▶ Your goal: Your answer must be an exact repeat of the lines from the one containing "this 750×422 image." through the last line of the records, both included, with no pictures.

======== Data for processing ========

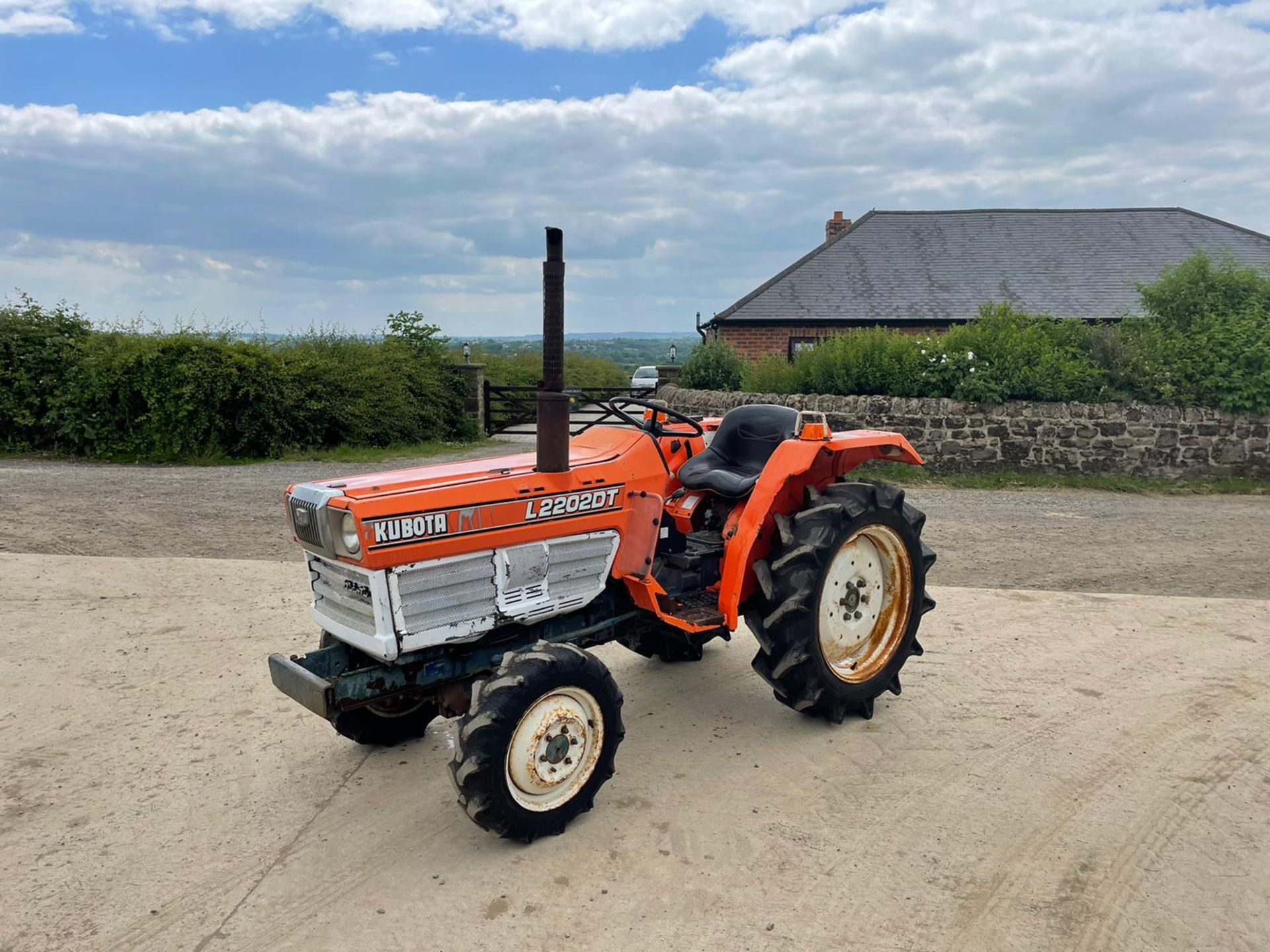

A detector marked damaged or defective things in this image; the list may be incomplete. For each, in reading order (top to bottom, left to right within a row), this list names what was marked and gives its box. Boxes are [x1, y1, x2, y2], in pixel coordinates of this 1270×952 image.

rusty wheel rim [812, 523, 914, 685]
rusty wheel rim [503, 685, 602, 812]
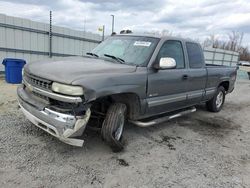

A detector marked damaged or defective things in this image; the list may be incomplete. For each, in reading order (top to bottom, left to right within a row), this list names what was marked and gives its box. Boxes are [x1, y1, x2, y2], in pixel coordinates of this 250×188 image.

damaged front bumper [17, 86, 92, 147]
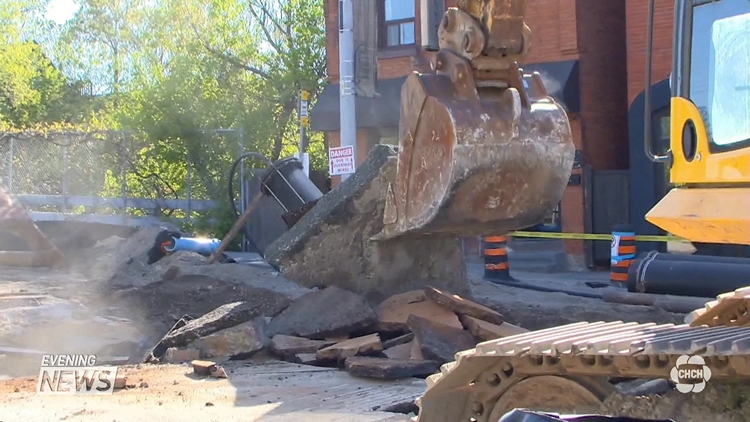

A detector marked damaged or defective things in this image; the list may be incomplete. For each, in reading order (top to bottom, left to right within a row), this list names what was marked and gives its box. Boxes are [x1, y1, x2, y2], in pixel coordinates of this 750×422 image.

rusty steel bucket [376, 49, 576, 241]
broken concrete slab [264, 146, 470, 304]
broken concrete slab [164, 348, 201, 364]
broken concrete slab [158, 304, 268, 352]
broken concrete slab [188, 316, 268, 360]
broken concrete slab [268, 334, 330, 358]
broken concrete slab [268, 286, 378, 338]
broken concrete slab [318, 332, 384, 360]
broken concrete slab [346, 358, 444, 380]
broken concrete slab [384, 342, 414, 358]
broken concrete slab [382, 332, 418, 350]
broken concrete slab [378, 290, 462, 332]
broken concrete slab [412, 314, 476, 364]
broken concrete slab [428, 286, 506, 324]
broken concrete slab [458, 314, 528, 342]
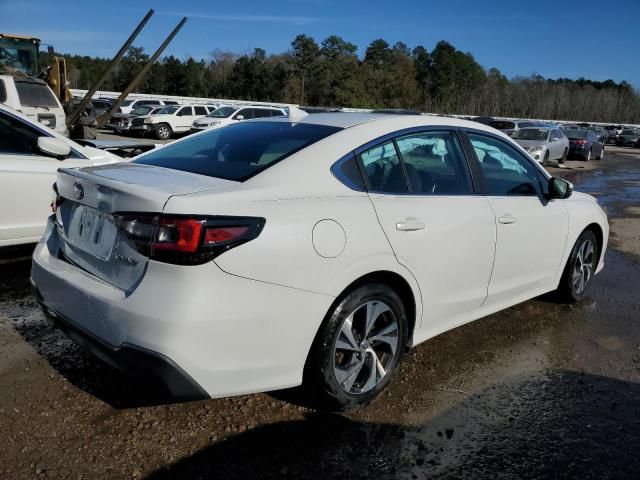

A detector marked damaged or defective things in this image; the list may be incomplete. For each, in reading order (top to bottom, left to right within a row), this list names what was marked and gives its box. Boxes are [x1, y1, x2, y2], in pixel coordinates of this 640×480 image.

========

▶ Task result:
A detector marked damaged or defective things in this image; the list may be incomplete. For each, in reading order (top to bottom, left to right within a row), this list names what was marked and gives its box. Boxes are [x1, y1, x2, y2], in pixel coordinates of this 750×422 image.

rusty steel bucket [376, 49, 576, 241]
broken concrete slab [264, 146, 470, 304]
broken concrete slab [164, 348, 201, 364]
broken concrete slab [158, 304, 268, 352]
broken concrete slab [188, 316, 268, 360]
broken concrete slab [268, 334, 330, 358]
broken concrete slab [268, 286, 378, 338]
broken concrete slab [318, 332, 384, 360]
broken concrete slab [346, 358, 444, 380]
broken concrete slab [384, 342, 414, 358]
broken concrete slab [382, 332, 418, 350]
broken concrete slab [378, 290, 462, 332]
broken concrete slab [412, 314, 476, 364]
broken concrete slab [428, 286, 506, 324]
broken concrete slab [458, 314, 528, 342]

A detector marked damaged or defective things in this image; the list may be incomplete. For each, in reading order (top to bottom, left to right within a row), this list names what was marked and gives its box. Boxes are [x1, y1, x2, y2], in pixel coordinates of this 640×480 image.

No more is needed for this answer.